Senin, 02 Mei 2011

Teksture, Elemen Seni Keris





Dirunut dari catatan-catatan kuno, interpretasi seni dalam perkerisan sangatlah kompleks. Apa yang disebut ‘estetika keris’ sudah tentu melibatkan pengalaman dan wawasan terhadap nilai keris.

Ir. Haryono Haryohuritno dalam buku Keris Jawa, Antara Mistik dan Nalar menggolongkan dalam kriteria yang cukup rasional adalah dengan menyebut ”Panca Waton” dalam catatan itu disebut sebagai pakem (pedoman pokok) YA MOR JA SI RAP yaitu penilaian berdasarkan penghayatan pada ’guwaYA’ (nuansa ekspresi), keindahan tatanan paMOR, waJA (baja), beSI, dan gaRAP atau pembentukan keris yang dianggap bagus, kata RAP atau garap kemudian bergeser menjai NGUN atau waNGUN (bentuk yang serasi dan harmonis). Untuk menilai Mor atau paMOR yang bagaimana yang dianggap baik, JA atau waJA yang dianggap baik dan terutama gaRAP atau waNGUN sangat berkait dengan wawasan dan pengalaman melihat keris, maka untuk menjadi “mengerti keris” dibutuhkan pengalaman analisis yang melatari wawasan terhadap pengetahuan keris.
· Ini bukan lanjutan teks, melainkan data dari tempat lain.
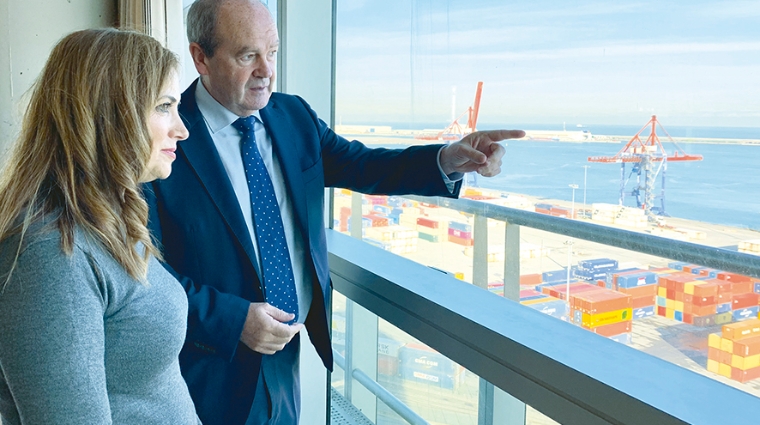 El presidente del Puerto de Bilbao, Ricardo Barkala, con la consejera de Trabajo y Justicia, Mar&iacute;a Jes&uacute;s San Jos&eacute;.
Aspek Seni yang sangat menonjol pada keris adalah bentuk rupa atau Dhapur dan konfigurasi layer dari lapisan Pamor sesuai ”Panca Waton”, namun dijumpai pula tidak selalu harus dipenuhi dengan adanya setiap unsur tersebut. Misalnya pada keris ’kelengan’ (tanpa Pamor). Kelengan atau tanpa pamor bisa menjadi media estetika seni para empu jaman dahulu. Para empu menyajikan senirupa keris keleng dalam hal ini polos tanpa pamor sering disertai dengan kehebatan penyediaan besi dan bajanya yang indah. Pengolahan tempa-lipat besi dan baja sangat membutuhkan kesabaran dan perasaan agar pemanasan bara mencapai saat yang tepat untuk ditempa. Empu Pangeran Sendang Sedayu dikenal membuat keris dengan ribuan kali tempa-lipat yang hingga kini belum bisa dipraktekkan oleh praktisi atau seniman keris masa kini. Teknik tempa lipat dengan bara api yang sangat terukur menjadikan keris Sedayu sangat indah walaupun tanpa pamor. Orang Jawa bilang besinya lumer dan nglempung (seperti tanah liat hitam keabu-abuan) sering pula ngurap (hurap) dan menampilkan permukaan (surface) ’malela kendaga’ (keemasan seperti pasir emas yang ditebar). Begitu pula keris-keris sebelum jaman Majapahit seperti Kediri – Jenggala atau Jalak Budha yang jika diperhatikan teksture serat maupun kerusakan korosinya menjadi seni tersendiri.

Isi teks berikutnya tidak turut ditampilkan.